Отряд без промедления направился к центру города, в гостиницу. После размещения  Лайлах с двумя своими эльфами куда-то исчез. Когда он, спустя где-то час,                проследовал  в свою комнату, Габриэлла пыталась запихнуть в себя мясо, тушёное в горшочке. Это был  заказ Алка. Он же и вина приказал принести и стаканы. Налил и один подвинул Габи.                
    — Пей!                
Для него самого это был уже второй кувшин. Женщина поковыряла в горшочке                деревянной ложкой. Поинтересовалась:                
    — А ты не слишком много пьешь? Такое ощущение, что ты пытаешься залить неприятные  воспоминания.                
Алк провел пальцем по своей бородке. Зло хмыкнул:                
    — Нет, ты точно ненормальная! Сама по уши в дерьме, а меня жалеть пытаешься.                
   
Габи отпила глоток из стакана, поморщилась.                
    — Я хотя бы знаю, за что.                
   Алк зло блеснул на нее черными глазами. Допил залпом свой стакан и выбрался из-за стола. Поднялся наверх.                
   
Габриэлла удивлённо посмотрела в след Тар'Трасу, ей было странно видеть его в таком состоянии. Обычно этот человек всегда был доволен собой и жизнью. Она отпила ещё вина. Терпкий сладковатый вкус густо-красного напитка был непривычен и неприятен. Но у Лайлаха её пристрастие к пиву вряд ли вызовет восторг. Фи! Какая без вкусица — аристократка, предпочитающая плебейские напитки!                
   
Задумавшись, женщина не заметила, как Алк появился вновь. С хмурым видом он опять уселся за стол и наполнил свой стакан.                
    — Иди... Хозяин зовёт. — В голосе ни следа насмешки.                
   Он вообще стал странно к ней относиться после того, как увидел, во что она может превращаться. Габриэлле не нравился Алк. Слишком часто он выказывал черты характера, вызывающие у неё стойкую неприязнь к этому человеку. Явно было, что чувства их взаимны. При встречах Тар'Трас частенько отпускал на счёт Габи и её отношений с вором скрабезные шуточки и двусмысленные замечания. Она в долгу тоже не оставалась. Всё было просто и понятно. Теперь же легкость их отношений куда-то пропала.                

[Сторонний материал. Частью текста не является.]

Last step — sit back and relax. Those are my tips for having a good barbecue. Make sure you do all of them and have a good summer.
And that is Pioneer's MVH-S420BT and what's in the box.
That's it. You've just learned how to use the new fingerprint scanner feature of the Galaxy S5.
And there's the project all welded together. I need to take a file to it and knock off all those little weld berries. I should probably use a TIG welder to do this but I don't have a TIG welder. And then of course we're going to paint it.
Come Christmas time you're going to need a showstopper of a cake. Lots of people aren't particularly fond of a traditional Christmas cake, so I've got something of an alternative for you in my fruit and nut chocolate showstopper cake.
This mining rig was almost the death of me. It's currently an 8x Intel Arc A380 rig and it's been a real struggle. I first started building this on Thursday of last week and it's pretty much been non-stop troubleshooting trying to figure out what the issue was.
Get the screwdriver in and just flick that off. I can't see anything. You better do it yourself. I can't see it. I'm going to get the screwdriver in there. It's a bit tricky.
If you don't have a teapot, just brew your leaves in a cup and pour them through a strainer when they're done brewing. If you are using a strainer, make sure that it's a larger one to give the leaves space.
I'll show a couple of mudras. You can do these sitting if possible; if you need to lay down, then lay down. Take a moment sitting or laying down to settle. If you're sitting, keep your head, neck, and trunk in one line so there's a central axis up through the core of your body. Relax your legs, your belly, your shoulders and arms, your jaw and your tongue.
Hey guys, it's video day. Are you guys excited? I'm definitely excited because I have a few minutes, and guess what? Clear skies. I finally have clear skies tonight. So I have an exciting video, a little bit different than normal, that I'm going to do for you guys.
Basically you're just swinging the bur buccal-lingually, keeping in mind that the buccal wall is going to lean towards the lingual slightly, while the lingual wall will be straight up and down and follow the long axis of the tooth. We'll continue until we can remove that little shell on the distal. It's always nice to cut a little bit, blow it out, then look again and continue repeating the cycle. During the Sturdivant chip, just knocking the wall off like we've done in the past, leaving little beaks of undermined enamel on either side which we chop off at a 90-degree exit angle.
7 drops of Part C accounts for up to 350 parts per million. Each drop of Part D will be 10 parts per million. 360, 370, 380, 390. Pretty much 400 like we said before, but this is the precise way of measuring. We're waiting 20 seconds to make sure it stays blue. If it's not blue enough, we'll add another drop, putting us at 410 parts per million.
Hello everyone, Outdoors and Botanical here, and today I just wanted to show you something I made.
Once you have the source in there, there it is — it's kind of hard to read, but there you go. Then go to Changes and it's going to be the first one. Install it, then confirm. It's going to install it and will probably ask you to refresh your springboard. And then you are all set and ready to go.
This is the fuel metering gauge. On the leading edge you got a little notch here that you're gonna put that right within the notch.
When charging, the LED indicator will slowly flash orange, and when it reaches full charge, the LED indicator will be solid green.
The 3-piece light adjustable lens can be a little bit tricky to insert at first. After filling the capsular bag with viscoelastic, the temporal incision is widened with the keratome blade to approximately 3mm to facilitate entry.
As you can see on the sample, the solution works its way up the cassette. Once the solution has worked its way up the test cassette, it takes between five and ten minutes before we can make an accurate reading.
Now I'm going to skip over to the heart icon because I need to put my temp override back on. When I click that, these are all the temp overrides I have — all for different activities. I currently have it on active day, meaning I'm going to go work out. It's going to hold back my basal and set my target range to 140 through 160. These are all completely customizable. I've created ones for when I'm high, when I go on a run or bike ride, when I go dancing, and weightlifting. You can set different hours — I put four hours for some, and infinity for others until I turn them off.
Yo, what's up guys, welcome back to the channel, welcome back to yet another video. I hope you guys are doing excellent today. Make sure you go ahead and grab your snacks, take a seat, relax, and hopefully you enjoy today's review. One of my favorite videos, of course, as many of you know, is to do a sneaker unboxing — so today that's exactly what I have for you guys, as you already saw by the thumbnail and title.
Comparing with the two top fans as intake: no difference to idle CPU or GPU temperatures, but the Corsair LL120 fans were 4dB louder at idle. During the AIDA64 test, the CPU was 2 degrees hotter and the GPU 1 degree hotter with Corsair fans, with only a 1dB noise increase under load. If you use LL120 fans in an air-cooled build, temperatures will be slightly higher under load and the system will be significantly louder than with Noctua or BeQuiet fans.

После заключения договора Габриэлла была обязана выказывать свое почтение Лайлаху и не смела теперь и слова ему поперёк сказать. Это было чертовски трудно. Но вытерпеть можно многое, если знаешь, ради чего.                
   
Можно было отрываться на Алке. Благо, на его счёт не было сказано ни слова. Но он, внезапно, враз поменялся — стал через чур серьезно относиться к женщине. И это  угнетало, даже злило — слишком смахивало на жалость.                

Распаленная своими мыслями, Габи быстро взбежала по ступеням. Но на верху замедлила шаг, а перед самой дверью остановилась. Лайлах явно что-то замыслил на её  счёт. При мысли о том, что он хочет получить и за что посчитаться, почувствовала, как волна жара ударила в голову. На несколько долгих секунд даже все звуки исчезли. Когда женщина смогла взять себя в руки, она несколько раз глубоко вдохнула,  успокаивая скачущее сердце, толкнула дверь. Закрыла её за собой и осталась стоять на пороге, ожидая, что скажет кузен.                
   
Дождь, сделавший днём передышку, вновь монотонно забарабанил по крышам в темноте. Этот звук вызывал меланхолию и легкую тоску.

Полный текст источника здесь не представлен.